#### Work item
Only the text belongs in the copy: repeat each record exactly, without pictures.

-------- Excerpted records --------

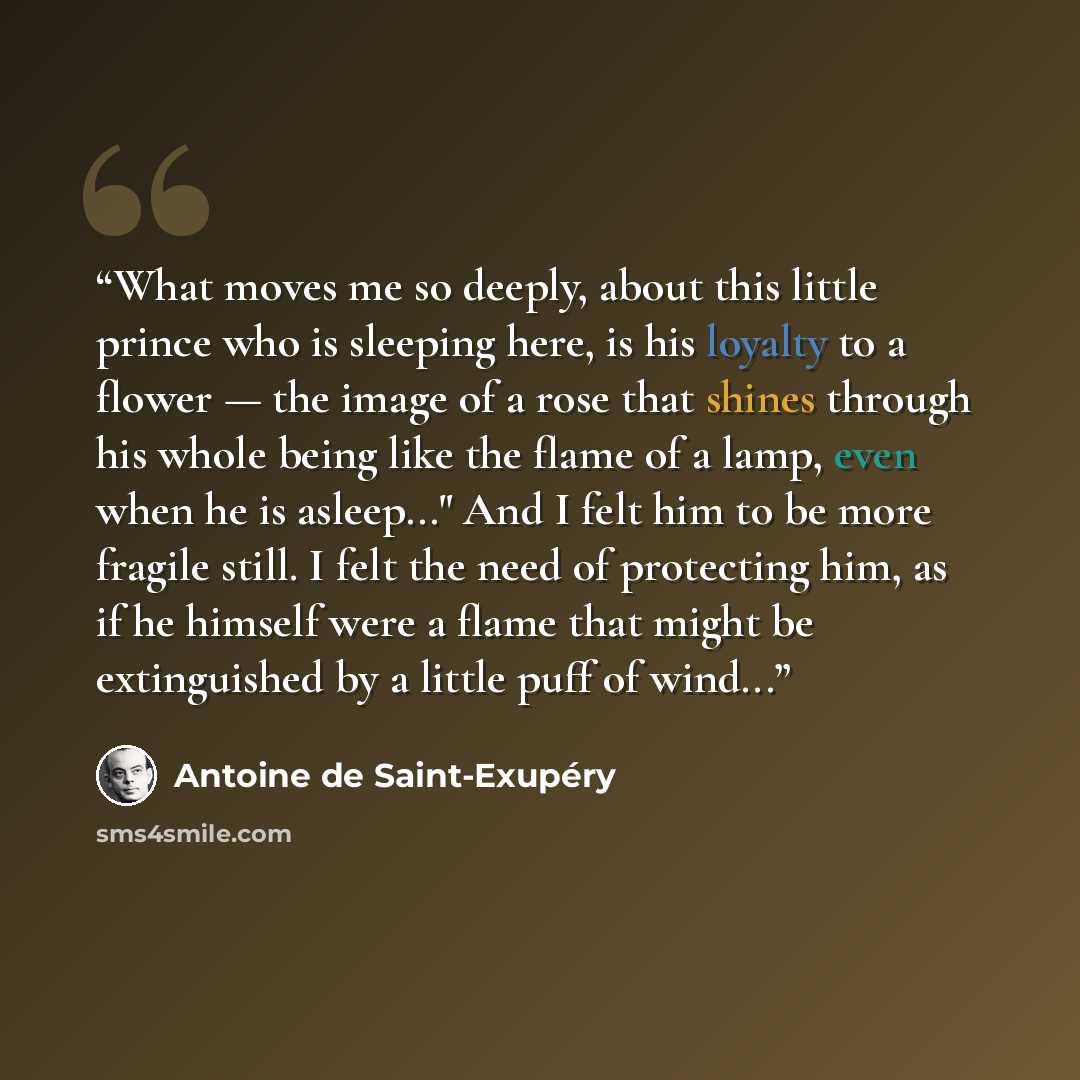 “What moves me so deeply, about this little prince who is sleeping here, is his loyalty to a flower — the image of a rose that shines through his whole being like the flame of a lamp, even when he is asleep..." And I felt him to be more fragile still. I felt the need of protecting him, as if he…” quote by Antoine de Saint-Exupéry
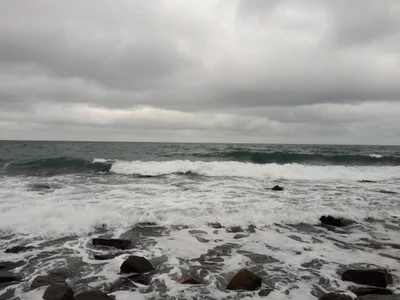 Anapa - Photo 2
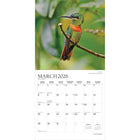 Plato - 2026 Colibris Calendrier mural Suspendu Mensuel - 30,5 cm l x 61 cm H - Anglais-À Utiliser Tout de Suite - Calendrier de 16 mois, 12 pages de mois pleines et comprenant en prime les quatre derniers mois de l'année précédente avec une image supplémentaire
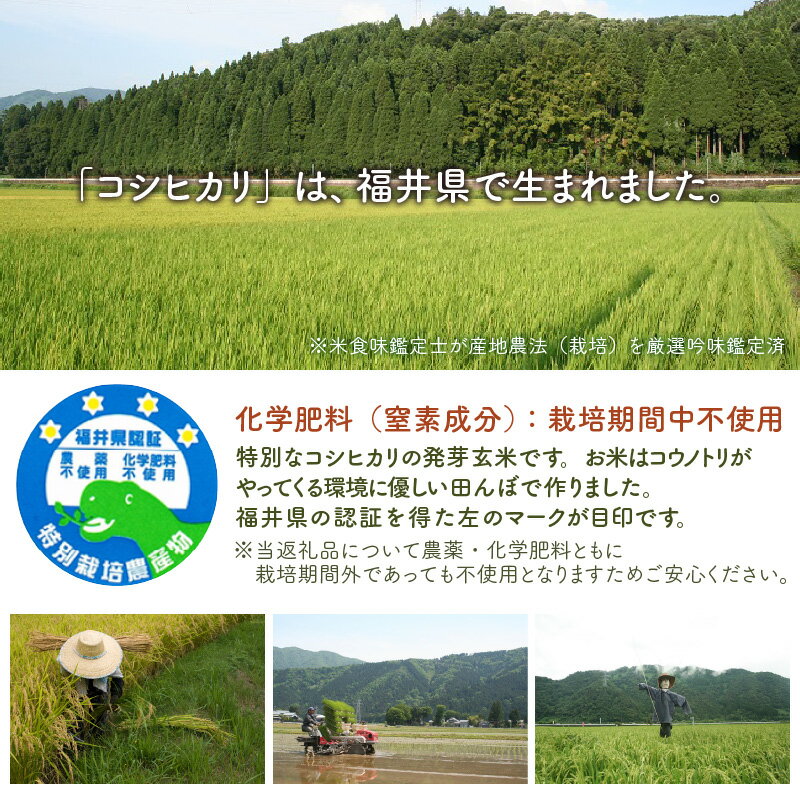 福井県坂井市の画像3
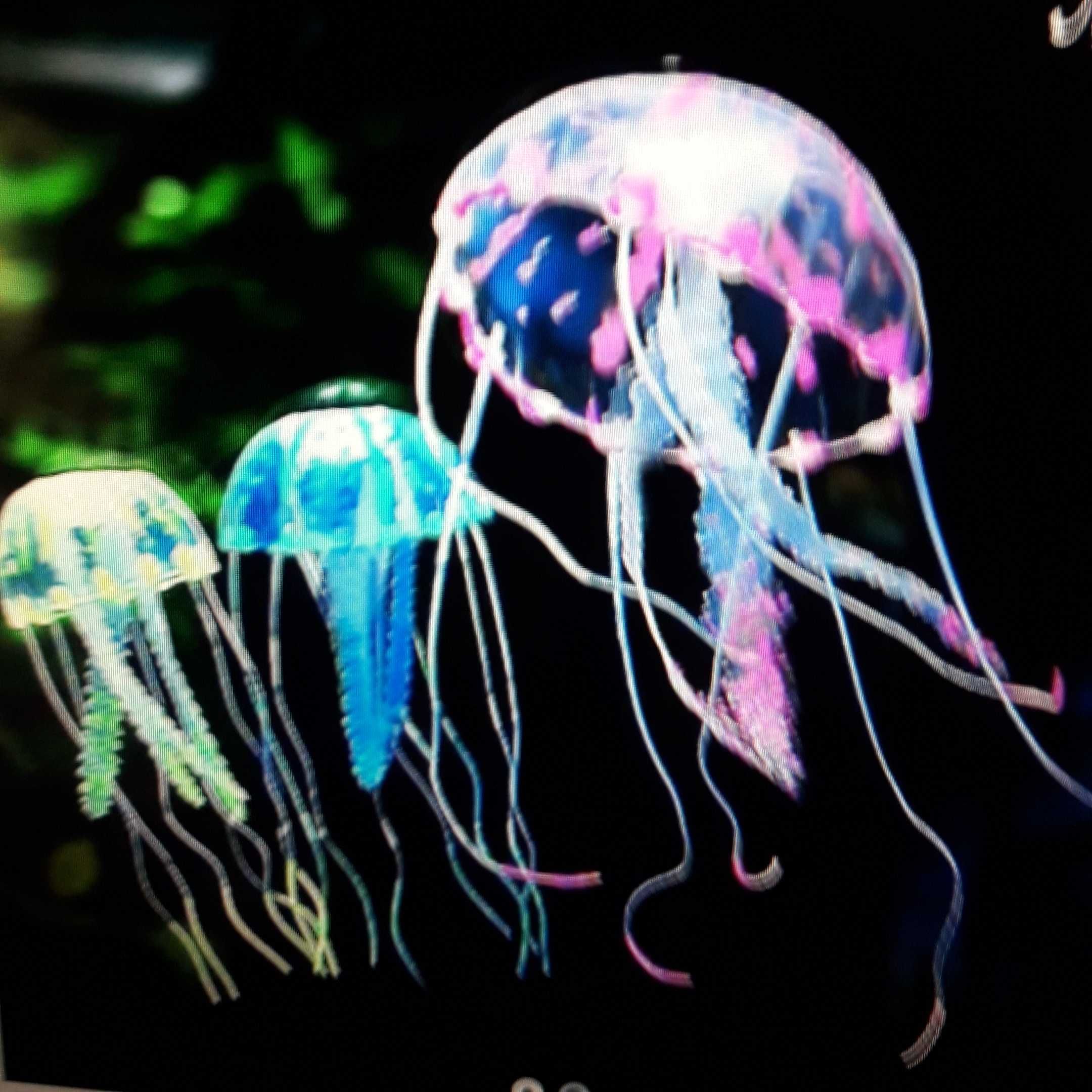 в аквариум.медузы.осьминоги.морские коньки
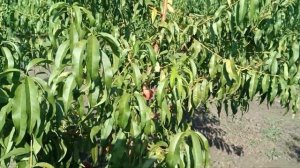 Персик Роял Прайд. Сравнение на подвое миндаль и на Кубань-86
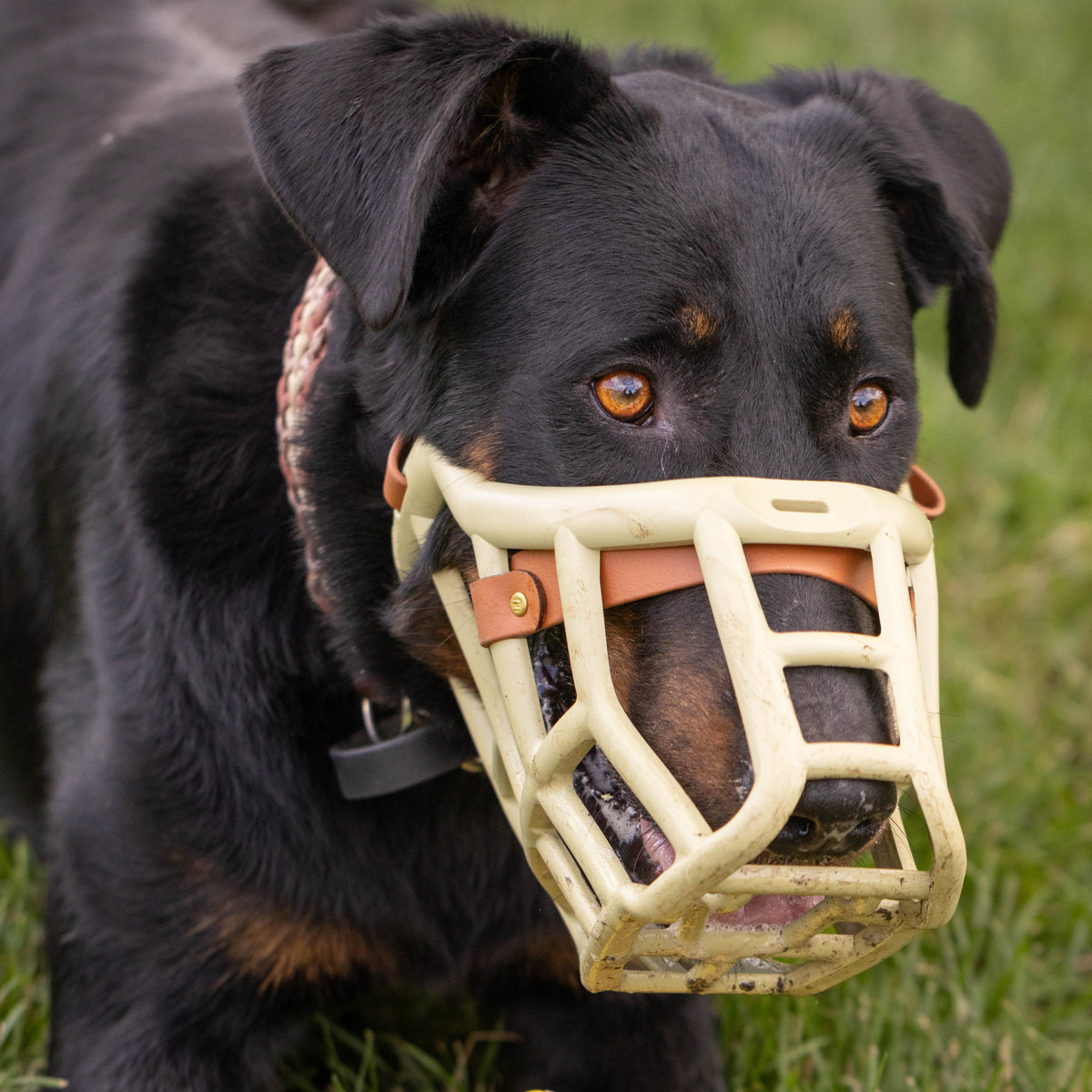 Sunny Muzzle Collar and Lead set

--------

#### Response to the task
 “What moves me so deeply, about this little prince who is sleeping here, is his loyalty to a flower — the image of a rose that shines through his whole being like the flame of a lamp, even when he is asleep..." And I felt him to be more fragile still. I felt the need of protecting him, as if he…” quote by Antoine de Saint-Exupéry
 Anapa - Photo 2
 Plato - 2026 Colibris Calendrier mural Suspendu Mensuel - 30,5 cm l x 61 cm H - Anglais-À Utiliser Tout de Suite - Calendrier de 16 mois, 12 pages de mois pleines et comprenant en prime les quatre derniers mois de l'année précédente avec une image supplémentaire
 福井県坂井市の画像3
 в аквариум.медузы.осьминоги.морские коньки
 Персик Роял Прайд. Сравнение на подвое миндаль и на Кубань-86
 Sunny Muzzle Collar and Lead set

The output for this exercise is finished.